• YOUR OBJECTIVE
In the records below, the line that contains "ARRANGE Curve Denim" marks the start. Copy it and each line after it through the end, exactly, without pictures.

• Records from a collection
== Segment start ==
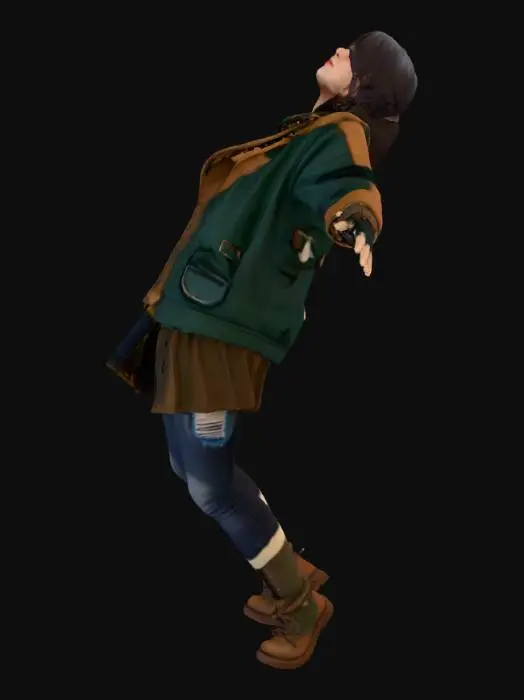 3D model for homeless woman, neutral expression A-pose, game ready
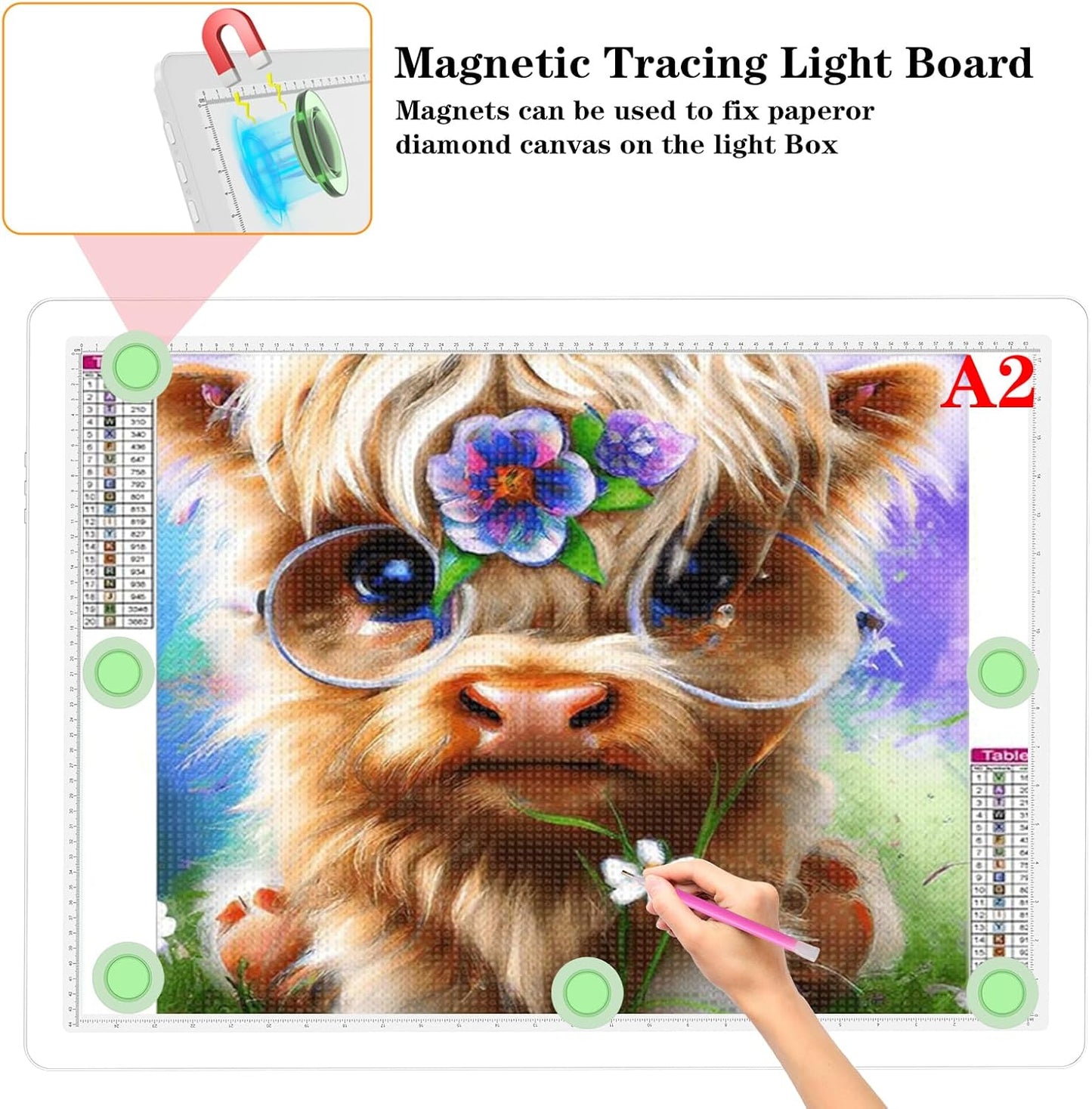 Phylosal Magnetic A3 Light Pad with Bag, Super Bright Light Box with Side Button, Diamond Art Light Board, Lightbox for Tracing and Drawing, USB Power Light Table for Sketching, Weeding Vinyl (White)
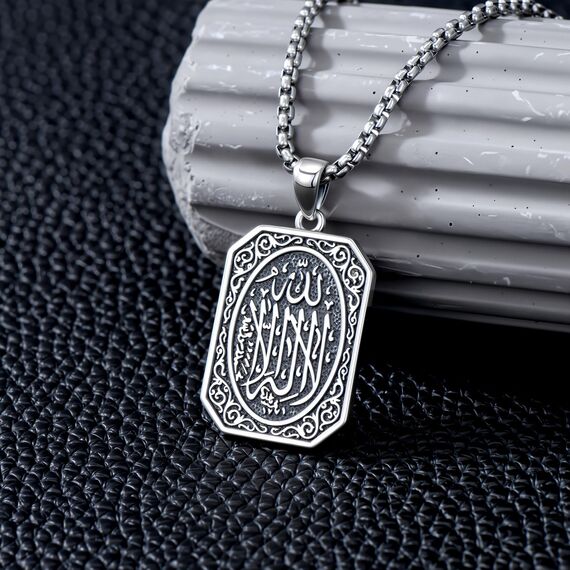 enjoylifecreative Allah Halskette für Herren 925er Sterling Silber Arabische Muslim Anhänger Kette Islam Muslimische Religiöses Schmuck Geschenke für Männer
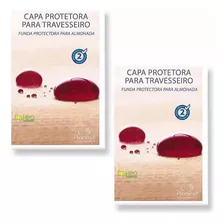 Kit 02 Capas Protetora Travesseiro Plooma Impermeável Zíper Cor Branco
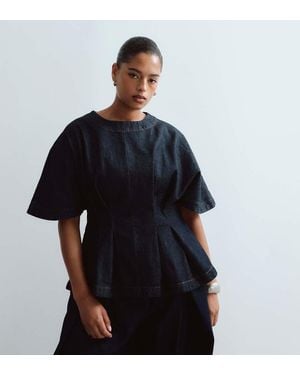 ARRANGE Curve Denim Top Van Co-Ord Set Met Getailleerde Taille En Plooien - Zwart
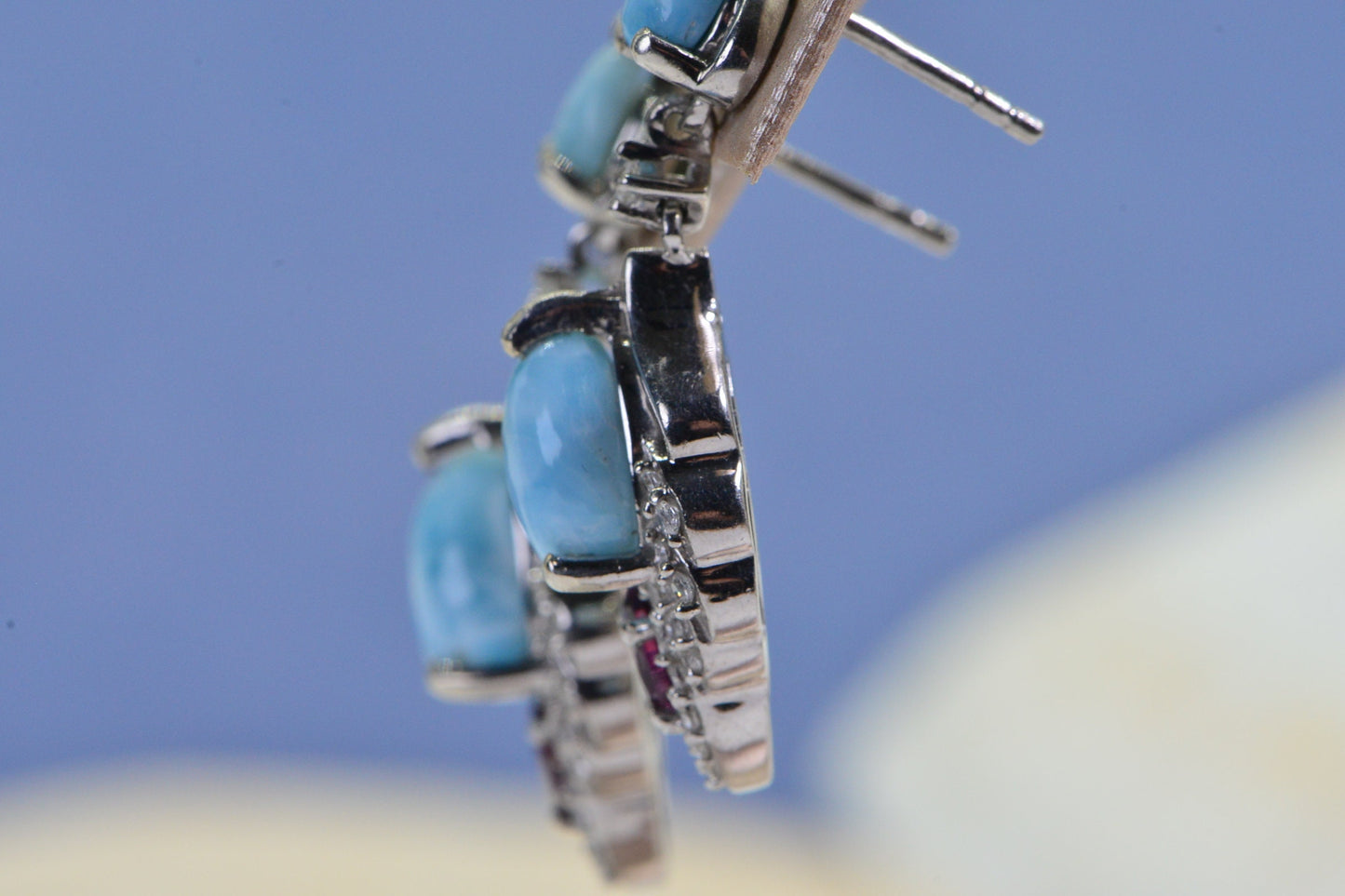 Larimar Drop Earrings: Sterling Silver, Garnet & CZ Accent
== Segment end ==
• RESPONSE FOR THIS EXERCISE
 ARRANGE Curve Denim Top Van Co-Ord Set Met Getailleerde Taille En Plooien - Zwart
 Larimar Drop Earrings: Sterling Silver, Garnet & CZ Accent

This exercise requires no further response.